Well, I don’t have a CAD application at hand, but I have 3D Visualizer, which uses double-sided surfaces to render contour- or iso-surfaces in 3D volumetric data. From way back, on a piddly GeForce 3, I know that frame rate drops precipitously when enabling double-sided surfaces (for those who don’t know: double-sided surfaces are not backface-culled, and are illuminated from both sides, often with different material properties on either side). I don’t recall exactly, but the difference was significant but not outrageous, say a factor of 2-3. Makes sense, considering that OpenGL’s lighting engine has to do twice the amount of work. On a Quadro, the performance difference used to be, and still is, negligible. Makes sense as well; on special “professional” silicon, the two lighting calculations would be run in parallel.
But a couple of years ago, I got a rude awakening. On a GeForce 285, 3D Visualizer’s isosurfaces ran perfectly OK. Then an external user upgraded to a GeForce 480, and the bottom fell out. Isosurfaces that rendered on the 285 at a sprightly 60 or so FPS, rendered on the 480 at a sluggish 15 FPS. That makes no sense, since everything else was significantly faster on a 480. What makes even less sense is that double-sided surfaces were a factor of 13 slower than single-sided surfaces (remember the claimed 10x Quadro speed-up I mentioned above?).
Now think about that. One way of simulating double-sided surfaces is to render single-sided surfaces twice, with triangle orientations and normal vectors flipped. That would obviously take about twice as long. So where does the ginormous factor of 13 come from? There must be some feature specific to the GeForce’s hardware that makes double-sided surfaces slow. Turns out, there isn’t.
Double-sided surfaces are slow when rendered in the “standard” OpenGL way, i.e., by enabling glLightModeli(GL_LIGHT_MODEL_TWO_SIDE,GL_TRUE). That’s how legacy CAD software would do it. However, if an application implements the exact same formulas used for double-sided lighting by fixed-function OpenGL in a shader program, the difference evaporates. Suddenly, the GeForce is just as fast as the Quadro. I didn’t believe this myself, or expected it. I created a double-sided surface shader to go from a 13x penalty to a 2x penalty (remember, twice as many calculations), but I got only a 1.1-1.3 penalty, depending on overdraw. To restate this clearly: if implemented via a shader, double-sided surfaces on a GeForce are exactly as fast as on a Quadro; using fixed-function OpenGL, they are 13 times slower.
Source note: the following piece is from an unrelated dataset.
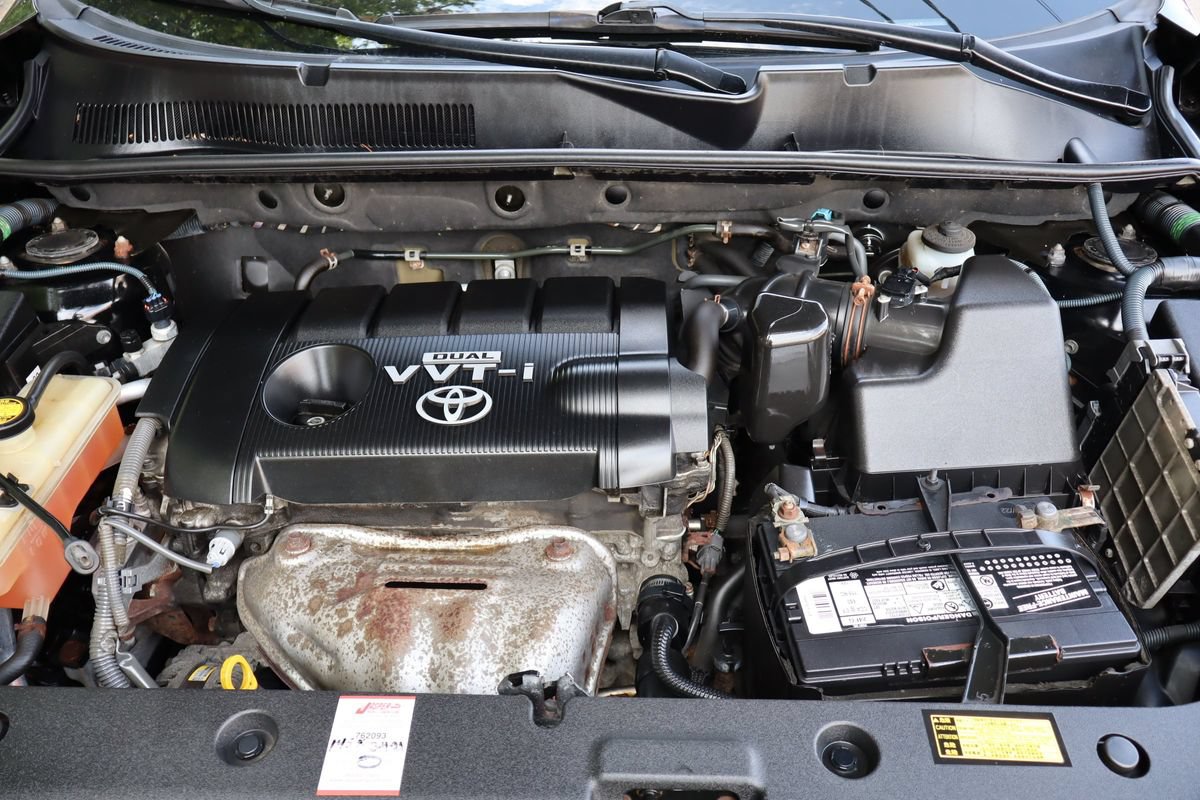 Used 2011 Toyota RAV4 4WD w/ Base L4 Extra Value Pkg image 40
But that’s surely an accident, right? Double-sided surfaces are extremely uncommon in the GeForce’s target applications, so Nvidia simply wouldn’t have spent any effort optimizing that code path, right? But that would only explain a 2x penalty, which would come from the laziest most backwards implementation, i.e., rendering everything twice (I actually thought about implementing that via a geometry shader, if the more direct approach hadn’t worked). One wonders.
Let’s just, playing Devil’s advocate, assume for a moment that double-sided surface performance is intentionally crippled. Then wouldn’t the shader-based equivalent be crippled, as well? To paraphrase Cave Johnson, they’re not banging rocks together over there! Well, turns out, the GLSL shading language is practically Turing-complete. Oh, how I love to apply my background in theoretical information science! Turing-completeness, roughly speaking, means that it is impossible for software to detect the intent of a piece of code. Meaning there is no way the GeForce driver can look at a shader program and say Hey! Wait! It’s calculating double-sided illumination, let me slow it way down! So there you go.
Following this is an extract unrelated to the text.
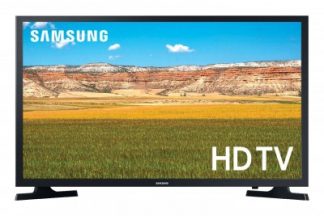 Pantalla Profesional Smart TV 32" HD SAMSUNG LH32BETBDGKXZX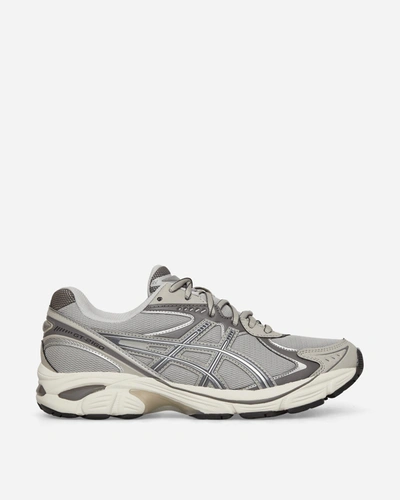 Shop Asics Gt-2160 Sneakers Oyster In Grey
But any way, why am I griping about this now? Because of the Quadro’s other selling point, frame-sequential stereo, which is obviously close to my heart. Legacy professional applications use quad-buffered stereo, if any stereo at all, so clearly that’s a feature not supported by GeForces (the way how exactly GeForces enable stereo for games, but disable it for “serious applications” in Nvidia 3D Vision under Windows is yet another funny story).
But we’ve been using GeForces for years to generate stereo content for 3D TVs. Instead of frame-sequential stereo, 3D TVs use HDMI-standardized stereo modes, and those can be “faked” by a cleverly configured GeForce. Specifically, none of the HDMI modes require the extra stereo synchronization cable that Quadros have, but GeForces don’t. I’ve recently tried convincing manufacturers of desktop 3D monitors to support HDMI stereo as well, to reduce the total cost of such systems. And the reaction to my concern is typically “well, we’re aiming for professional applications, and for those Quadros are 10x faster, so…”
And here’s the punchline: on a brand-new GeForce GTX 680, the fixed-functionality performance difference between single-sided and double-sided surfaces is 33x. Using a shader, it’s somewhere around 1.2x. Surely, you can’t be serious?
Finally, to sprinkle some highly needed relevance onto this post: the upcoming Oculus Rift HMD will expect stereo frames in side-by-side format, meaning it will work with GeForces without any problems.